[EXERCISE DIRECTIONS]: The answer is the line containing "photo de VERGASER" plus every line after it to the end of the material, retyped exactly and without the pictures.

[COLLECTED DATA]:
--- START ---

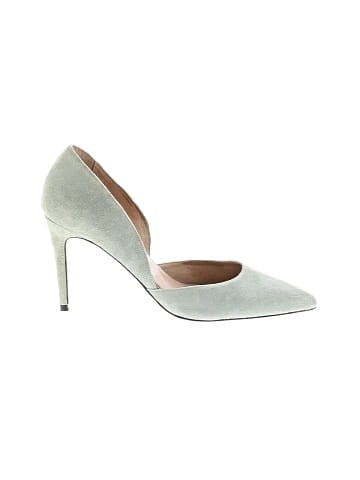 Ava & Aiden Heels (view 1)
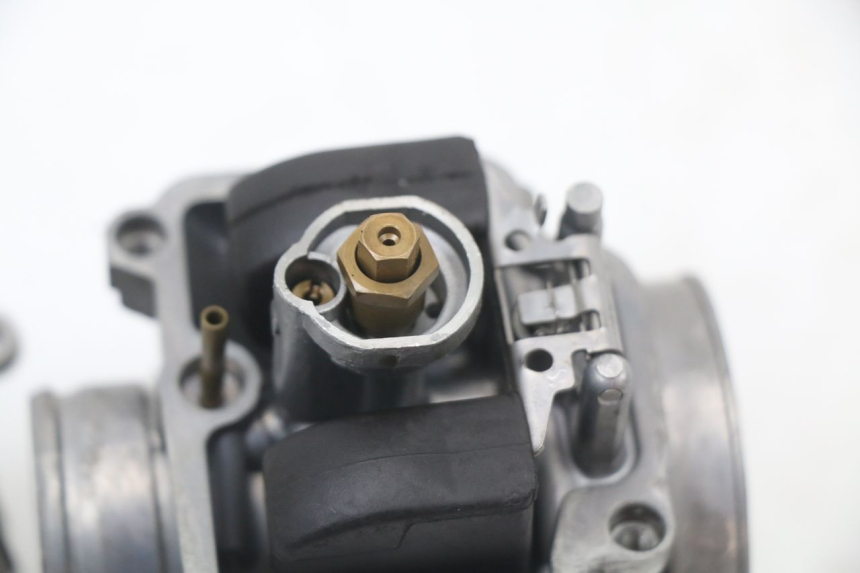 photo de VERGASER KAWASAKI KX L 85 (2022 - 2024)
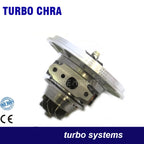 CT16 turbo charger chra core 17201-30080 1720130080 17201 30080 cartridge for Toyota Hiace Hilux Land Cruiser 2.5L  2kd 2kdftv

--- END ---

[ANSWER SECTION]:
 photo de VERGASER KAWASAKI KX L 85 (2022 - 2024)
 CT16 turbo charger chra core 17201-30080 1720130080 17201 30080 cartridge for Toyota Hiace Hilux Land Cruiser 2.5L  2kd 2kdftv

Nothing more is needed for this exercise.